# HMS Jellicoe



## c-marshall (Sep 23, 2006)

was wondering if anybody new much about her. I know that she changed her name to HMS Anson but other than that I dont really know anything. Can you help? Did she change her badge as well as her name? Has anybody got a picture of her badge? 

Cheers guys


----------



## Gulpers (Sep 8, 2005)

*Welcome*

c-marshall,
Welcome to SN. I'm sure you will have many hours of enjoyment from your membership. Our members are only too keen to help each other and I expect you will have a reply to your query before too long. Enjoy! (Thumb)


----------



## c-marshall (Sep 23, 2006)

Gulpers said:


> c-marshall,
> Welcome to SN. I'm sure you will have many hours of enjoyment from your membership. Our members are only too keen to help each other and I expect you will have a reply to your query before too long. Enjoy! (Thumb)

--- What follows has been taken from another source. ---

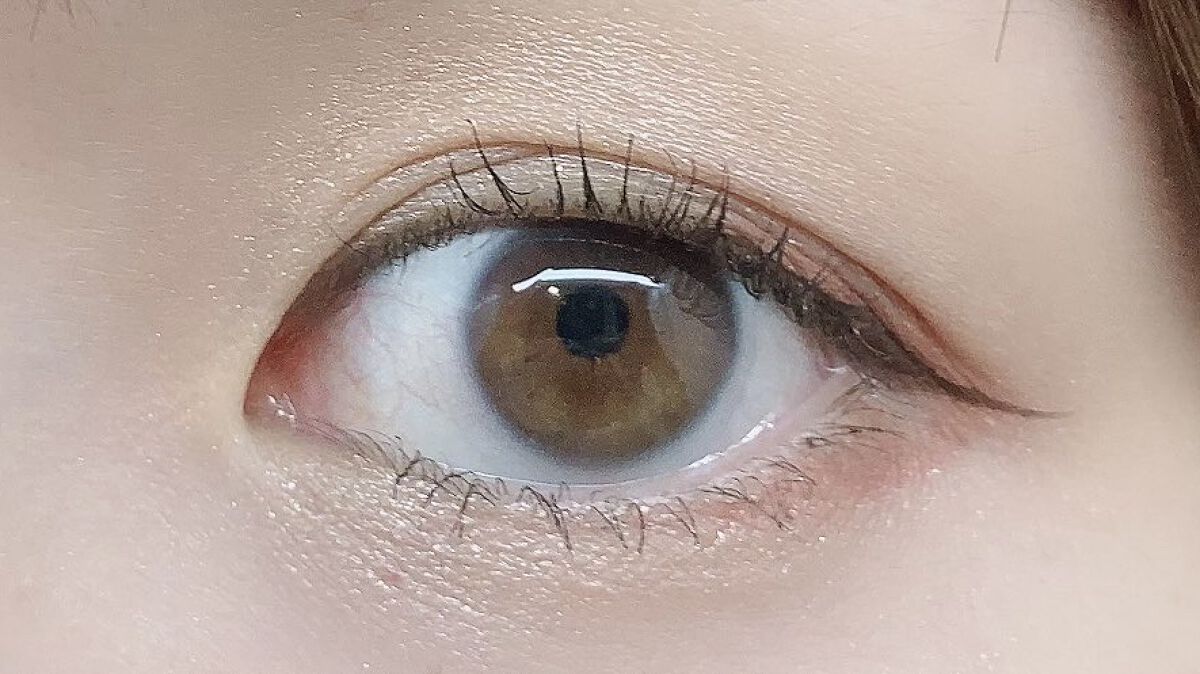 ハンオールフィックスマスカラ/rom&nd/マスカラを使ったクチコミ（3枚目）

a fellow welshman?? actually I'm a woman but still welsh


----------



## Gulpers (Sep 8, 2005)

*Jock In A Frock*

c-marshall,
Living on Ynys Mon but I'm an ethnic minority!
I'm a fellow Celt from Clydeside originally. (Thumb)


----------



## Hugh MacLean (Nov 18, 2005)

Welcome aboard, C-Marshall. I hope you enjoy the site.

See these sites regarding info and photos of HMS Anson ex HMS Jellicoe:

http://www.battleships-cruisers.co.uk/anson.htm

http://members.fortunecity.com/rwbrown1942/Busterssite/id19.html

http://www.hmsanson.co.uk/index.html

Rgds (Thumb)


----------